Noch etwas? „Ja: es wäre schön, wenn sich das Publikum verjüngen würde. Wir haben den Eindruck, die allermeisten hier sind Ü30.“ Maire und Oskar sind Fans und werden es bleiben. Die Wahrscheinlichkeit, dass sie im nächsten Jahr wiederkommen, ist hoch. „Es wäre“, sagen sie beim Gehen, „auch toll, wenn es die Marktplatzbühne wieder geben würde. Das war echt cool. Das hat uns gefehlt in diesem Jahr.“ Die Highlights? „Da gab es einiges. Loney Dear in der Kirche, Susan O’Neill im Spiegelzelt, Mario Batkovic und Tom Odell auf der Main Stage. Und dann noch Glen Hansard. Das war ziemlich cool. Da hat auch ein Trompeter aus dem Dorf mitgespielt. Genau: Die Ansagen auf der Mainstage wurden auch von Leuten aus dem Dorf gemacht. Das hat uns gefallen.“ Und was waren die Entdeckungen? „Oskar hat sich zwei Platten gekauft: Eine von „Brockhoff und eine vom Susan O’Neill.

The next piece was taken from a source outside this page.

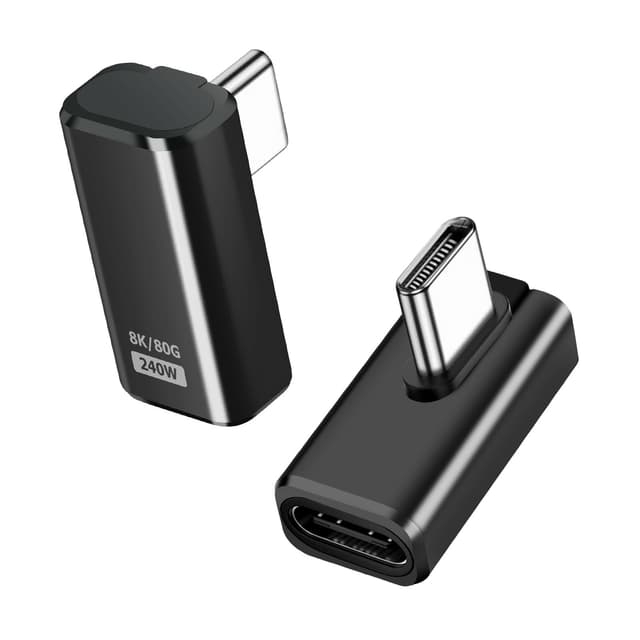 🔌 Puiseno 2 Stück USB-C Adapter, unterstützt Thunderbolt 5, 240W, 80Gbps, Schwarz ⚡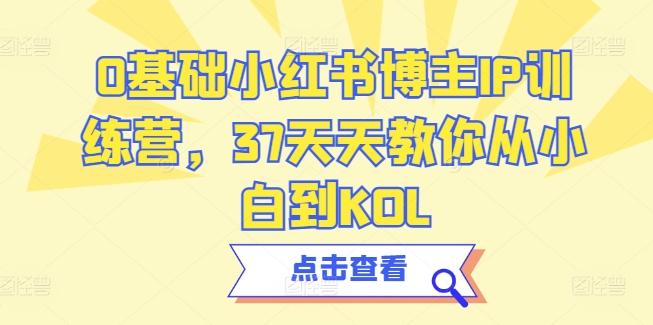 0基础小红书博主IP训练营，37天天教你从小白到KOL-网创星球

Courting hat uns auch sehr gut gefallen.“

Geschichte werden

Letzte Fahrt zum Festivalgelände. Die Abreise hat begonnen. Goldene Regel beim Fahren auf schlammigem Gelände: Nur nicht stehen bleiben. Eine Karawane beim Abflug. Im Gepäck: Erinnerungen an ein Jubiläum, an Töne, an Regen, an Begegnungen. 40 Jahre Haldern Pop. Man wüsste gern, was in 50 Jahren in Chroniken steht. Man wüsste gern, wie die Einträge in die Geschichtsbücher wohl aussehen. Man wüsste gern, wie es weitergeht. Geschichte – das sind Geschichten: Es sind die Geschichten von Menschen. Man sitzt wieder im EisAmt: Der finale Espresso. Am Himmel draußen bringen sich dunkle Wolken in Stellung.

Latest News

Im Internet schreibt der Veranstalter: “Wir hoffen, ihr seid alle gut nach Hause gekommen oder auf dem Weg dahin! Solange der Vorrat reicht, könnt ihr noch ein limitiertes Early-Bird-Ticket für 2024 bestellen. Bis nächstes Jahr. Danke, dass ihr mit uns da wart. Euer Haldern-Pop-Team.